Image-text web data =>
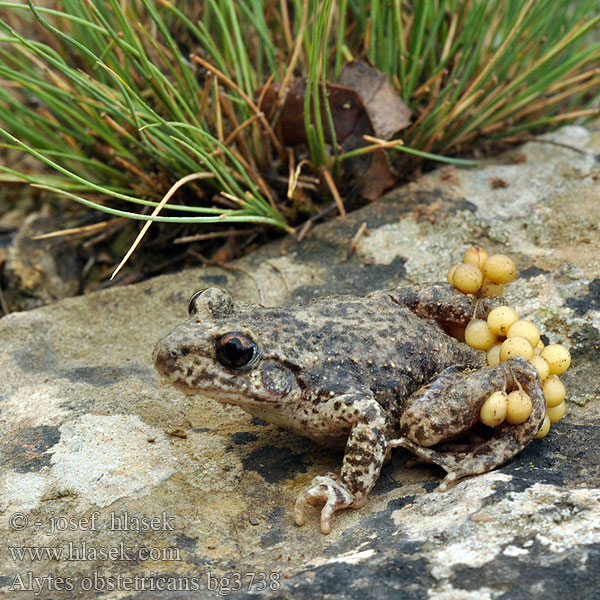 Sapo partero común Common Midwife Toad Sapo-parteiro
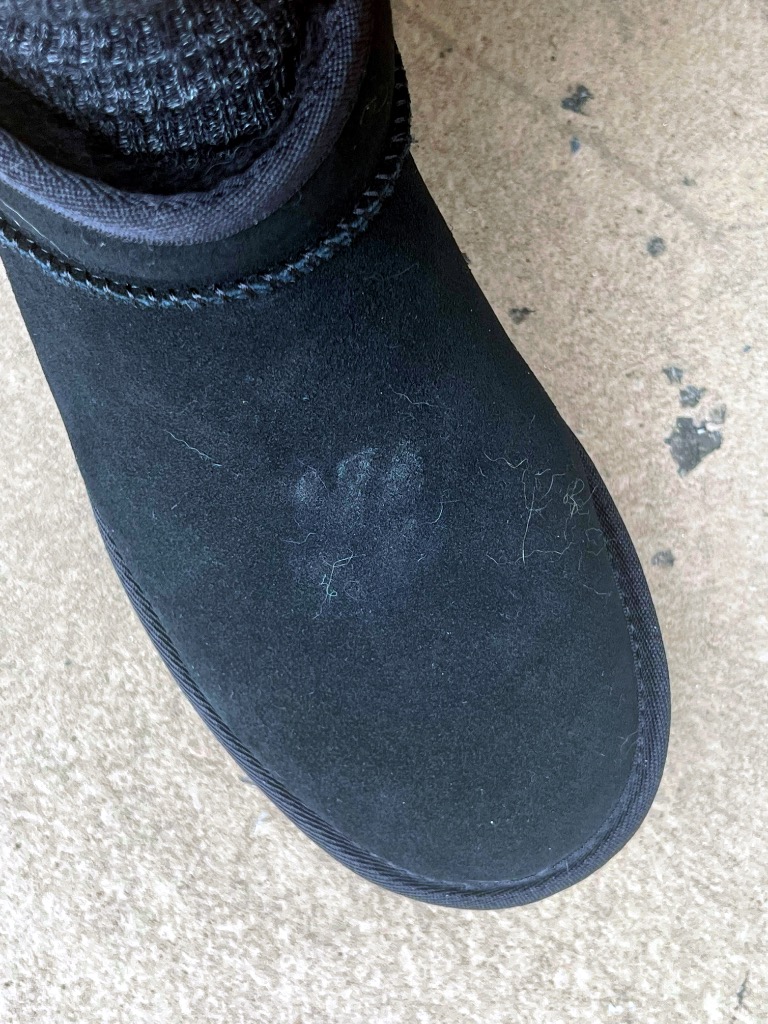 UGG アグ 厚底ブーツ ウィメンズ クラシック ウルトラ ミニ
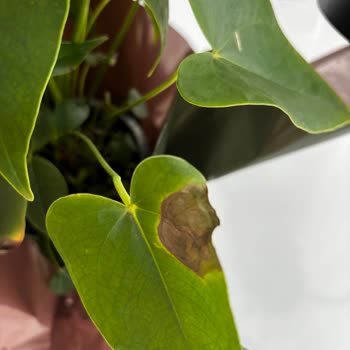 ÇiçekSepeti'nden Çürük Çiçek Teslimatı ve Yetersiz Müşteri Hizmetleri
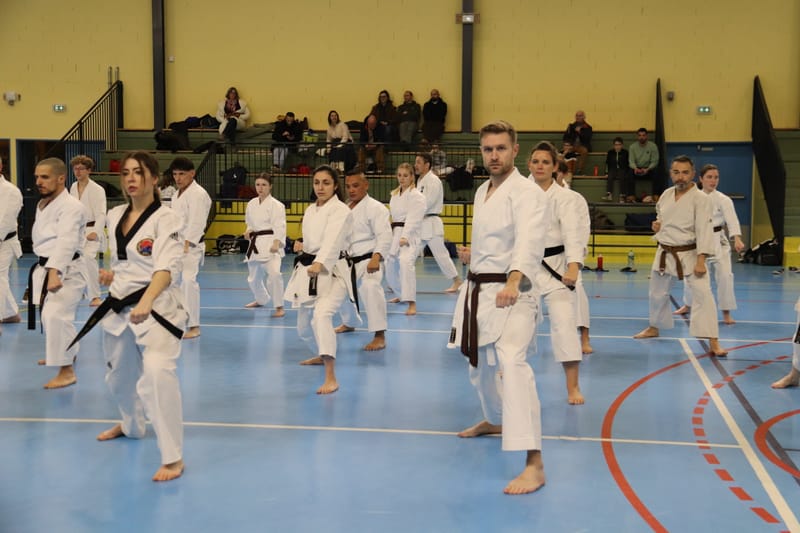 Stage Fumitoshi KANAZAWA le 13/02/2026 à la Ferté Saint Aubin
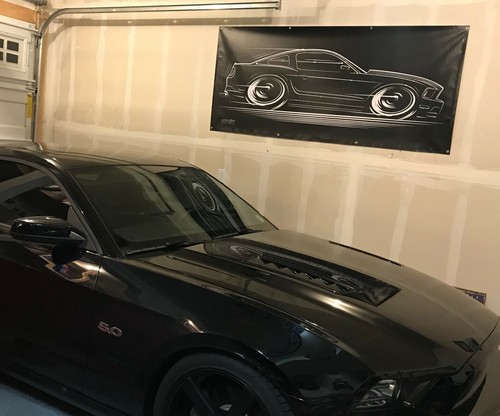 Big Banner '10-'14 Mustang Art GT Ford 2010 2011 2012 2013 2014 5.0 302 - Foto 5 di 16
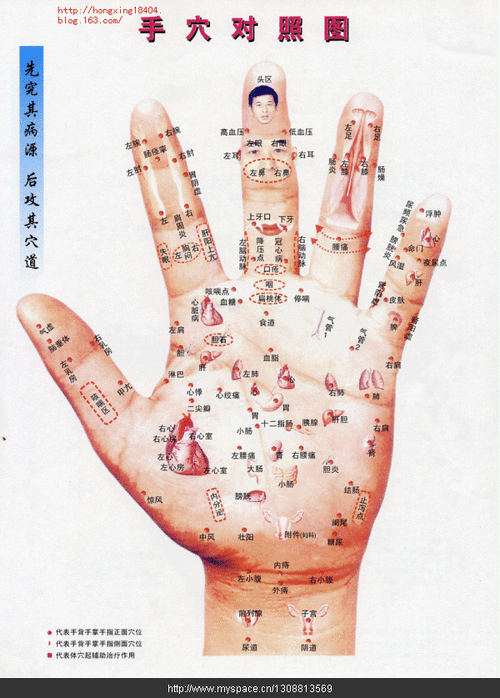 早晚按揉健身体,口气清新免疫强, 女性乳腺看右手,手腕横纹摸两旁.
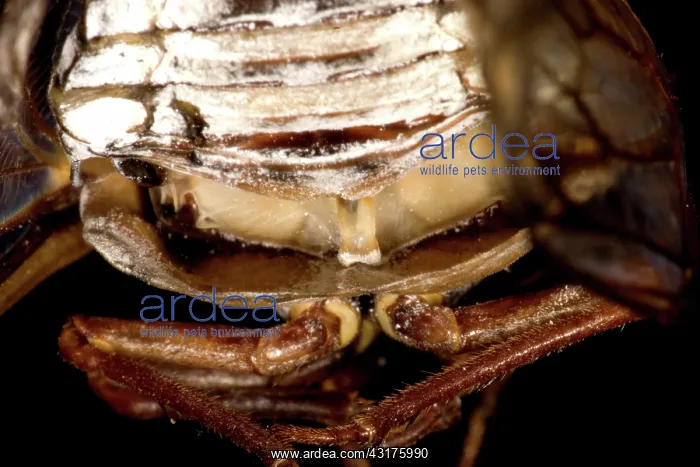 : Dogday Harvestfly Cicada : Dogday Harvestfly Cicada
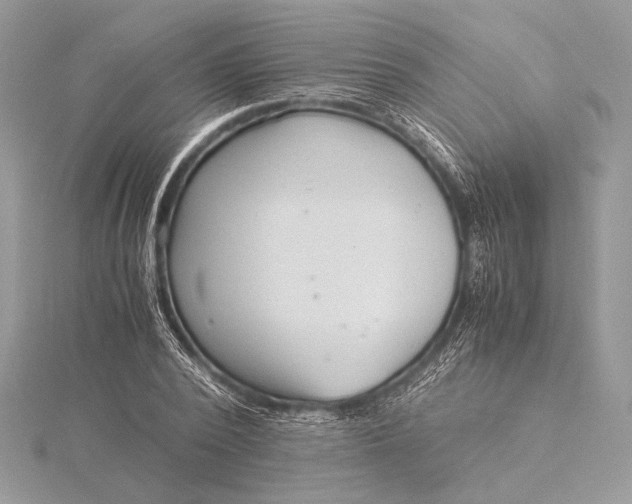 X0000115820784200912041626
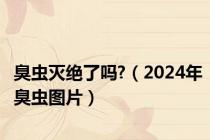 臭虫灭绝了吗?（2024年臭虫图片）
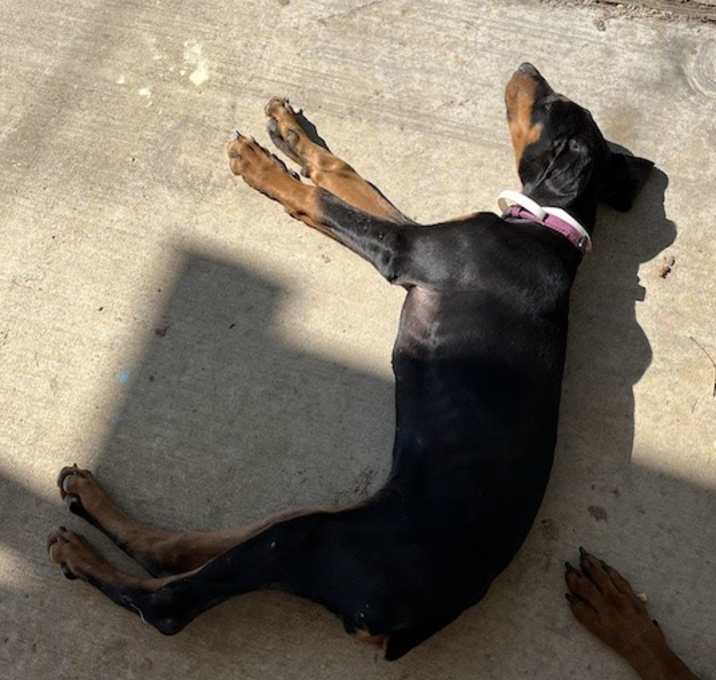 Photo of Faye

Action item =>
Output the records above exactly as they are, leaving out the pictures.

Exercise solution =>
 Sapo partero común Common Midwife Toad Sapo-parteiro
 UGG アグ 厚底ブーツ ウィメンズ クラシック ウルトラ ミニ
 ÇiçekSepeti'nden Çürük Çiçek Teslimatı ve Yetersiz Müşteri Hizmetleri
 Stage Fumitoshi KANAZAWA le 13/02/2026 à la Ferté Saint Aubin
 Big Banner '10-'14 Mustang Art GT Ford 2010 2011 2012 2013 2014 5.0 302 - Foto 5 di 16
 早晚按揉健身体,口气清新免疫强, 女性乳腺看右手,手腕横纹摸两旁.
 : Dogday Harvestfly Cicada : Dogday Harvestfly Cicada
 X0000115820784200912041626
 臭虫灭绝了吗?（2024年臭虫图片）
 Photo of Faye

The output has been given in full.